|Scanning EM of C diff|
This review (free full text) was recently published in Southern Medical Journal.
Many C diff reviews have been published in the last few years. This one emphasized several points not covered in previous reviews:
Community acquired C diff is a newly emerging problem. Many patients have no history of recent prior antibiotic usage and lack other traditional risk factors.
C diff can occur in the setting of inflammatory bowel disease. IBD, in fact, is listed as a risk factor for C diff.
Mild disease can evolve into severe disease during treatment.
Leukocytosis may precede GI symptoms, so unexplained leukocytosis developing in a hospitalized patient may be a red flag.
C diff may present as acute abdominal symptoms without diarrhea.
Toxin assays have a sensitivity of only around 70%. Two negative toxin assays in a row, however, are associated with a high negative predictive value.

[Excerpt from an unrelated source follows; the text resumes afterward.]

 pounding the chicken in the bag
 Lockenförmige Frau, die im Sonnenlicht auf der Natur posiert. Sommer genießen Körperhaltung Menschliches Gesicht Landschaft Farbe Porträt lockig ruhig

First recurrences are treated with the regimen to which the patient initially responded unless the recurrence is with severe disease in an patient previously treated with mild disease.
Subsequent recurrences are more problematic. Tapering regimens of vancomycin, pulsed dosing of vancomycin, vancomycin combined with rifampin, or vancomycin followed by rifaximin have been described.
Because alcohol based hand sanitizing agents are not sporicidal, hand washing with soap and water is recommended when caring for such patients.